Illustration © John Lewis

"Nelson makes his point that ecological responsibility for white-tailed deer is our charge," Haglund said. "But ecological damage from too many herbivores is not a one-chapter tale solely about deer. It is a 'book' with an increasing number of 'chapters' as worldwide loss of native predators and other ecological disruption allows prolific plant-eating animals to escape human control and regulation. Whether we examine elephants in Zimbabwe, red deer in New Zealand or snow geese in Hudson's Bay, animals have the potential to eliminate native plants over broad stretches of savanna, forest or wetland."

"The ecological costs of too many herbivores incur a debt on the land that will not be repaid within several human lifetimes," Haglund said, "and Nelson's writings help us appreciate this is also true closer to home. The deer herd of our era may survive and even thrive the Wisconsin winters thanks to corn and alfalfa, but our woodlots and forests cannot also survive when the herd gets too large. Many Wisconsin habitats have lost important native plant species that will never return."

The risk to other resources

Deer can significantly reduce native plants and, subsequently, animal diversity if the herd population rises. Nelson cites a number of nationwide studies. Since his book was published, at least three additional research projects in Wisconsin started or recently concluded documenting the problem. Nelson states, "Over the past few decades, especially east of the Mississippi, deer overpopulation has become almost pandemic in natural sanctuaries. Overcrowded and hungry, deer have abandoned their natural wildness, depleted vegetation, jeopardized plant and animal species, and faced starvation themselves."

High populations of deer severely feed on agricultural crops in many geographical regions outside Wisconsin. Nelson interviewed farmers in several states including pumpkin farmer John Gellerman who said "For deer, pumpkins are like the peanuts at a bridge party. One year we had expected to harvest 5,000 pumpkins but ended up with only 350."

New York orchard and roadside fruit marketer Tom Sampson told Nelson: "I hate to tell you this, but I've come to feel that the only good deer is a dead deer. People wonder how I can say that, but if you've worked for something all your life, then somebody comes and steals it, you do what you can to protect it."

Common ground for hunter and nonhunter

DNR Deer and Bear Ecologist, Bill Mytton also appreciates the dialogues that Nelson's writings may open between hunters and the nonhunting public.

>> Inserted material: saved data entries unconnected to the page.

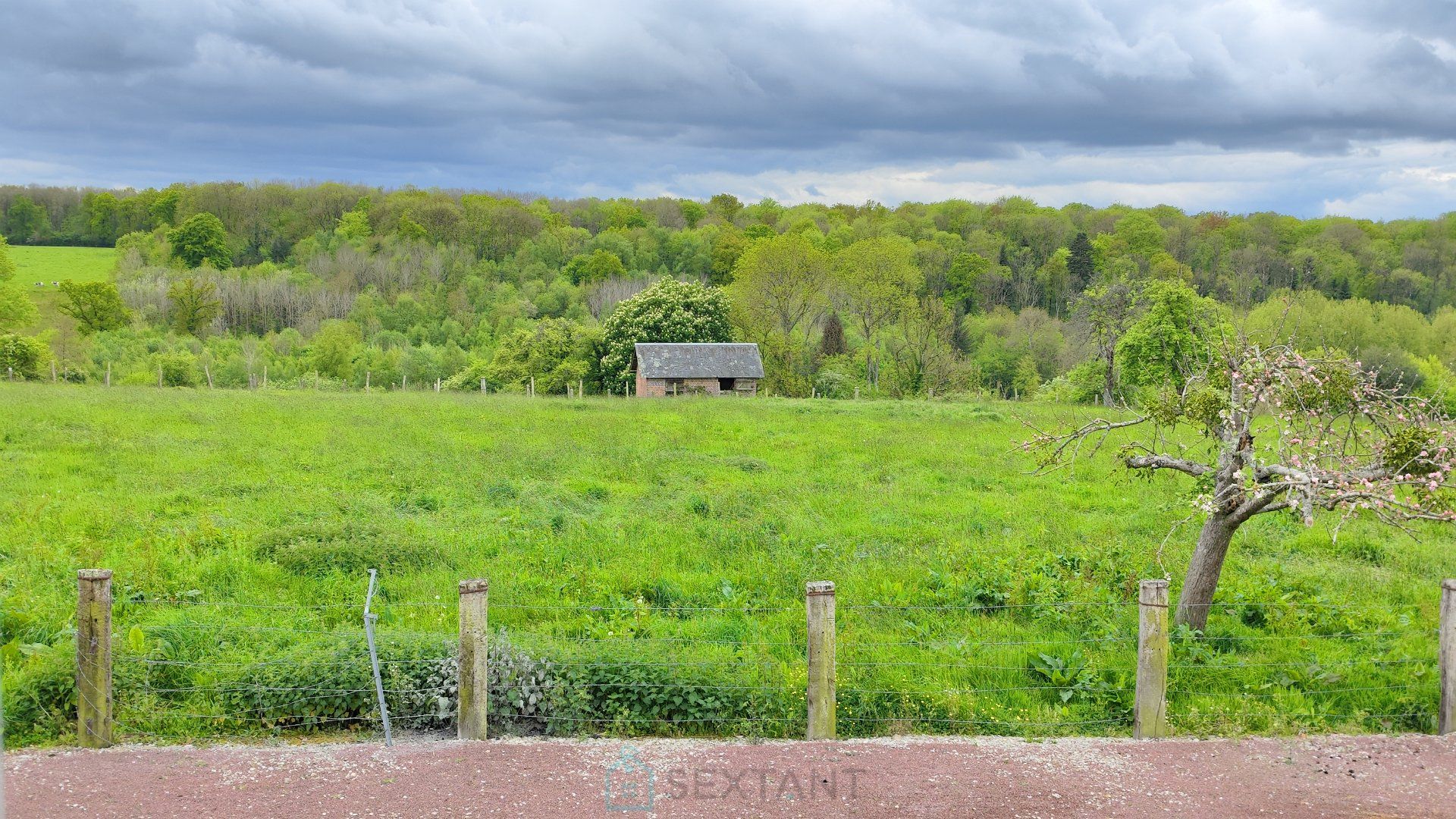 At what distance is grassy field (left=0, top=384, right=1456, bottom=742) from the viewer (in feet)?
27.7

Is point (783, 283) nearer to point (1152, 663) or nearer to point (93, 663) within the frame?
point (1152, 663)

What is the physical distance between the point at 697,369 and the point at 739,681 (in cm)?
4843

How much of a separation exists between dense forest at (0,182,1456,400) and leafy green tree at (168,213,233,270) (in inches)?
9.9

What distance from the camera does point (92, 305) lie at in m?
70.6

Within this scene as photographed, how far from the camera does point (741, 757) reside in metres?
7.62

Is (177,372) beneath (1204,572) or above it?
beneath

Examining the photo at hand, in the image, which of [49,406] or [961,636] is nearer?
[961,636]

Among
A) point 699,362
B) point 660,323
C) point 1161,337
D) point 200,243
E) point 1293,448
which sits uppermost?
point 200,243

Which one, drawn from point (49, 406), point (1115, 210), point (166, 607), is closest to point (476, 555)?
point (166, 607)

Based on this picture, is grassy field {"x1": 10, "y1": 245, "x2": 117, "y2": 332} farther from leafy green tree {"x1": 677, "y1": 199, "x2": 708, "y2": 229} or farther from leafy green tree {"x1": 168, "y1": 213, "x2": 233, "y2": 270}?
leafy green tree {"x1": 677, "y1": 199, "x2": 708, "y2": 229}

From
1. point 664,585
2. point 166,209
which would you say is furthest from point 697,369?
point 166,209

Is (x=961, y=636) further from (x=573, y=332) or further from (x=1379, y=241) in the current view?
(x=1379, y=241)

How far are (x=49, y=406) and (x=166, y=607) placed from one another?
65.7ft

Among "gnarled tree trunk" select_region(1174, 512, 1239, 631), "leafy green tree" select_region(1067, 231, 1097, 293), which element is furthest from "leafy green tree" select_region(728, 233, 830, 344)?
"gnarled tree trunk" select_region(1174, 512, 1239, 631) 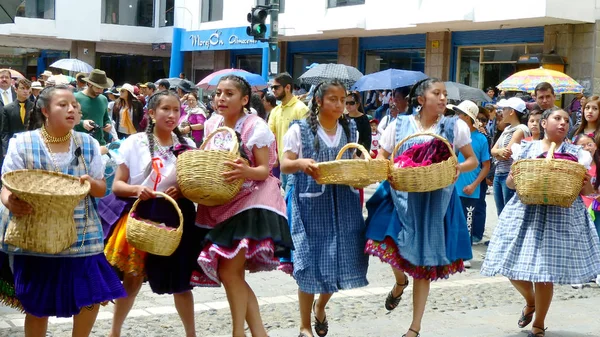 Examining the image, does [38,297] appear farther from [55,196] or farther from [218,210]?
[218,210]

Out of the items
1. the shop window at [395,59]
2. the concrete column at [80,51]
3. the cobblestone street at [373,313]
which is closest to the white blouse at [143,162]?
the cobblestone street at [373,313]

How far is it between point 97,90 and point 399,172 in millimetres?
6367

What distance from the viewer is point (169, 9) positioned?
36.6 metres

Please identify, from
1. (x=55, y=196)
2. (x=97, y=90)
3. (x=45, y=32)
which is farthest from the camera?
(x=45, y=32)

"Nelson's writing is refreshing because he describes divergent views without making villains of those who would disagree with his perspective. I agree with him that the search for common ground can lead to solutions over game management debates that don't create ill feelings," Mytton said.

"Let's face it. Wisconsin's human population is changing too. More people here who do not own property, who live in cities and who have no tie to rural land. It's critical when managing deer and enjoying deer that we better understand the animals' ecology and the interests of people who have little contact with these animals."

Ourselves and our place in nature

What else can we learn from exploring the complex relationship between people and deer? Nelson puts it this way:

"We share membership with deer in the same ecological community - sometimes as simple neighbors, sometimes as competitors, sometimes as hunter and prey.

"Deer give us a way to recognize ourselves as animals rooted in the earth, beholden to the same rules of biology that govern all living things, equally dependent on the health and vitality of our environment, yet also burdened with special responsibilities because of our inordinate destructive power. We live among deer, we study deer, we cherish deer, we struggle with deer, we prey on deer, we manipulate deer, and we also have much to learn from deer."

Now working in groundwater remediation, John Lewis plans to return to his family roots, hunting and growing a more sustainable way of life.